Inside AbstractContainerAllocator:
{code}
        application
            .getCSLeafQueue()
            .getOrderingPolicy()
{code}
To me grabbing lock of leaf queue while holding lock of app is also not a good 
practice. 

bq. It also looks like it introduces a bug if two threads try to call 
setOrderingPolicy at the same time 
Actually orderingPolicy can be set only when queue do reinitialize (which 
protected by queue's synchronize lock). Do you think does it still have the 
issue in the case?  

> A CapacityScheduler app->LeafQueue deadlock found in branch-2.8 
> ----------------------------------------------------------------
>
>                 Key: YARN-6901
>                 URL: https://issues.apache.org/jira/browse/YARN-6901
>             Project: Hadoop YARN
>          Issue Type: Bug
>    Affects Versions: 2.8.0
>            Reporter: Wangda Tan
>            Assignee: Wangda Tan
>            Priority: Critical
>         Attachments: YARN-6901.branch-2.8.001.patch
>
>
> Stacktrace:
> {code}
> Thread 22068: (state = BLOCKED)
>  - 
> org.apache.hadoop.yarn.server.resourcemanager.scheduler.capacity.AbstractCSQueue.getParent()
>  @bci=0, line=185 (Compiled frame)
>  - 
> org.apache.hadoop.yarn.server.resourcemanager.scheduler.capacity.LeafQueue.getQueuePath()
>  @bci=8, line=262 (Compiled frame)
>  - 
> org.apache.hadoop.yarn.server.resourcemanager.scheduler.capacity.allocator.AbstractContainerAllocator.getCSAssignmentFromAllocateResult(org.apache.hadoop.yarn.api.records.Resource,
>  
> org.apache.hadoop.yarn.server.resourcemanager.scheduler.capacity.allocator.ContainerAllocation,
>  org.apache.hadoop.yarn.server.resourcemanager.rmcontainer.RMContainer) 

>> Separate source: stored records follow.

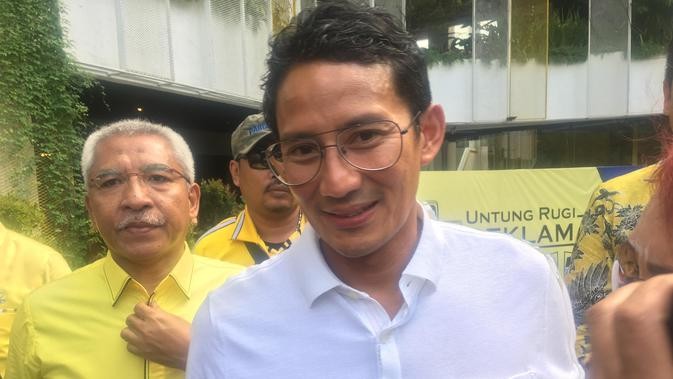 Program Kerja Sandiaga Uno: OKE OCE Skala Nasional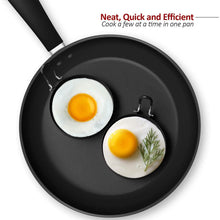 将图片加载到图库查看器，4-Pack: Stainless Steel Egg Cooking Ring
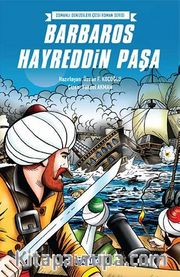 Barbaros  Hayreddin Paşa (Karton Kapak)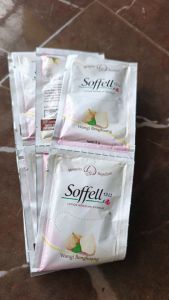 Soffel Putih Wangi Bengkoang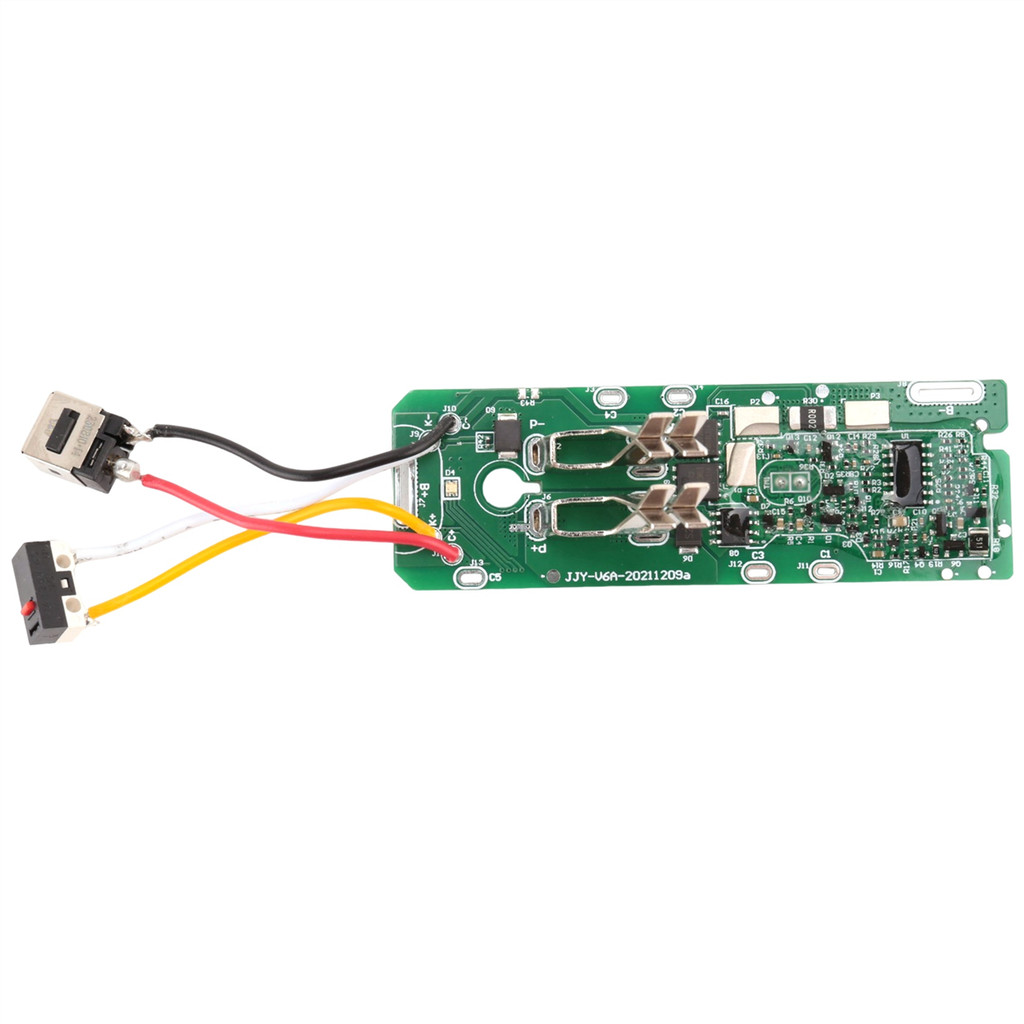 Jual Li-Ion Battery Charging PCB Protection Circuit Board for Dyson 21 ...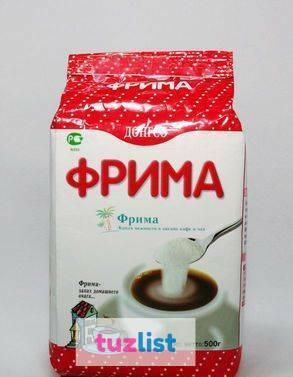 Фото Сухие сливки Фрима (Frima)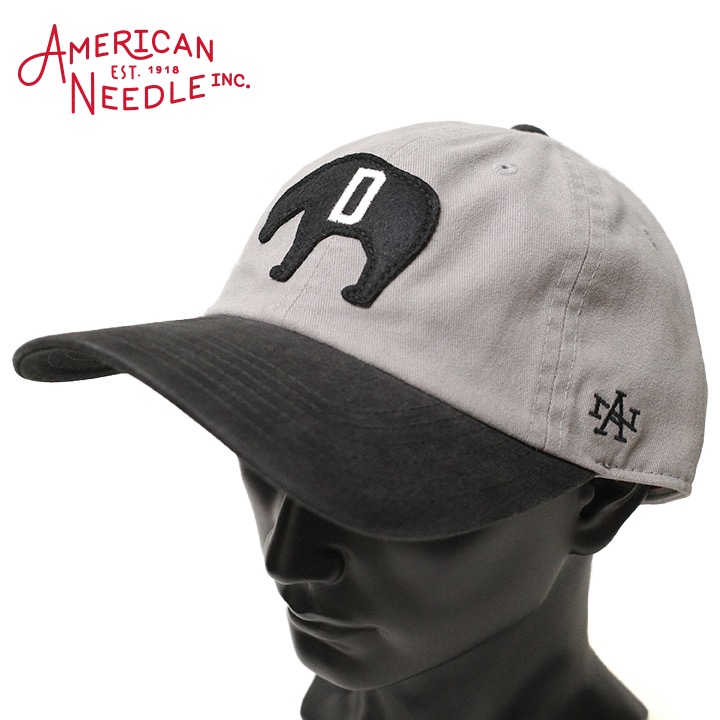 AMERICAN NEEDLE アメリカンニードル Negro League ニグロリーグ smu694a-dec｜bicks-market｜06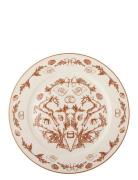 Bloomingville Beth Plate Röd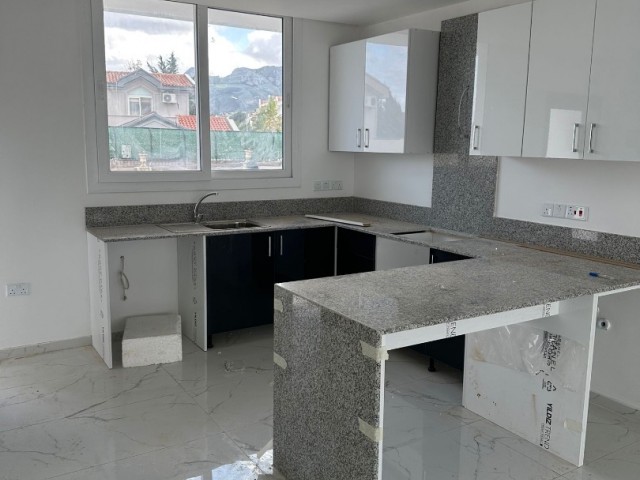 2+1 Wohnung zum Verkauf in Girne Doğanköy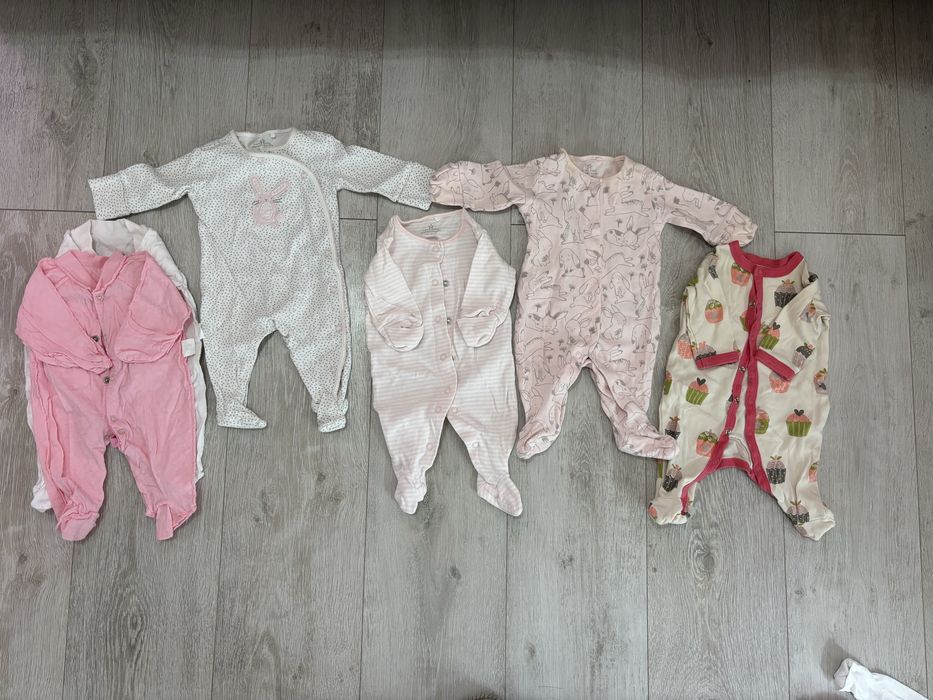 Одежда для новорожденных 50-56 см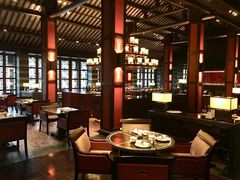 大堂-杭州西子湖四季酒店·金沙厅
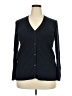 Lane Bryant Black Cardigan Size 18 - 20 Plus - photo 1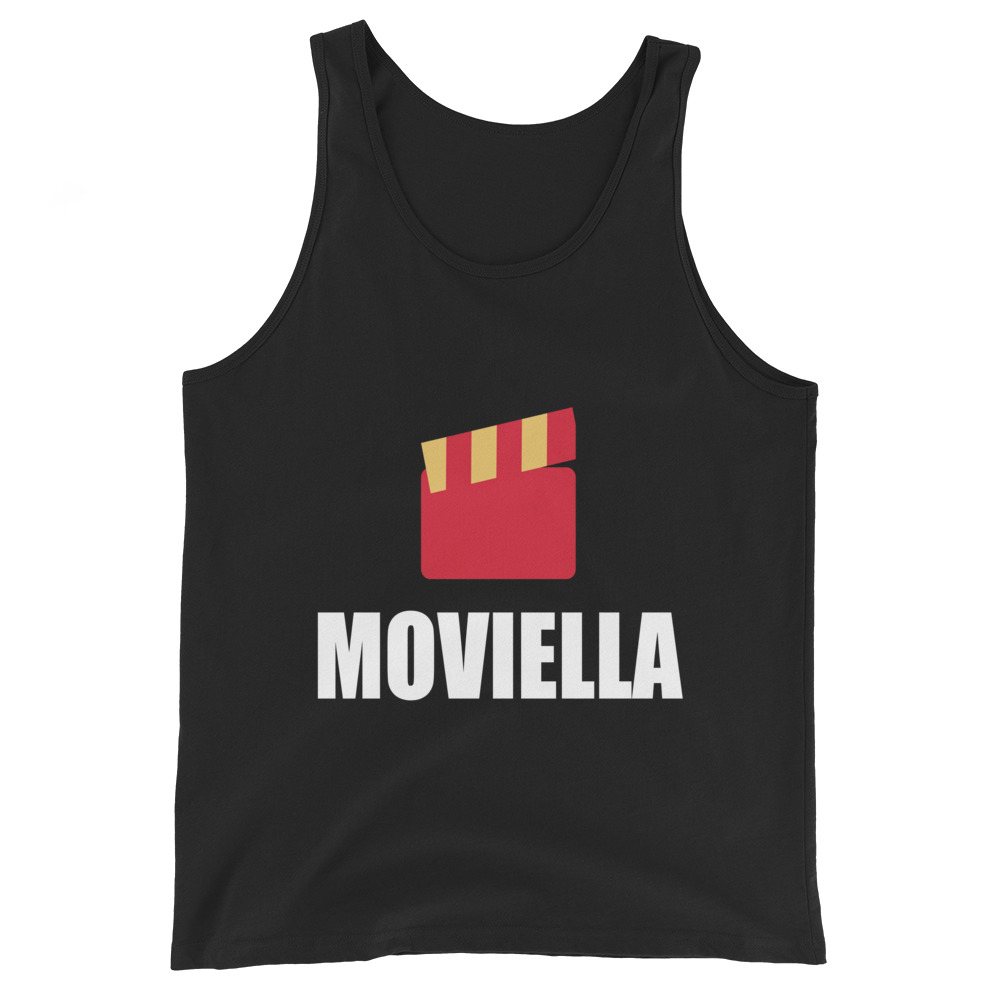 Moviella Clapper Tank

> @bci=183, line=80 (Compiled frame)
>  - 
> org.apache.hadoop.yarn.server.resourcemanager.scheduler.capacity.allocator.RegularContainerAllocator.assignContainers(org.apache.hadoop.yarn.api.records.Resource,
>  
> org.apache.hadoop.yarn.server.resourcemanager.scheduler.common.fica.FiCaSchedulerNode,
>  
> org.apache.hadoop.yarn.server.resourcemanager.scheduler.capacity.SchedulingMode,
>  org.apache.hadoop.yarn.server.resourcemanager.scheduler.ResourceLimits, 
> org.apache.hadoop.yarn.server.resourcemanager.rmcontainer.RMContainer) 
> @bci=204, line=747 (Compiled frame)
>  - 
> org.apache.hadoop.yarn.server.resourcemanager.scheduler.capacity.allocator.ContainerAllocator.assignContainers(org.apache.hadoop.yarn.api.records.Resource,
>  
> org.apache.hadoop.yarn.server.resourcemanager.scheduler.common.fica.FiCaSchedulerNode,
>  
> org.apache.hadoop.yarn.server.resourcemanager.scheduler.capacity.SchedulingMode,
>  org.apache.hadoop.yarn.server.resourcemanager.scheduler.ResourceLimits, 
> org.apache.hadoop.yarn.server.resourcemanager.rmcontainer.RMContainer) 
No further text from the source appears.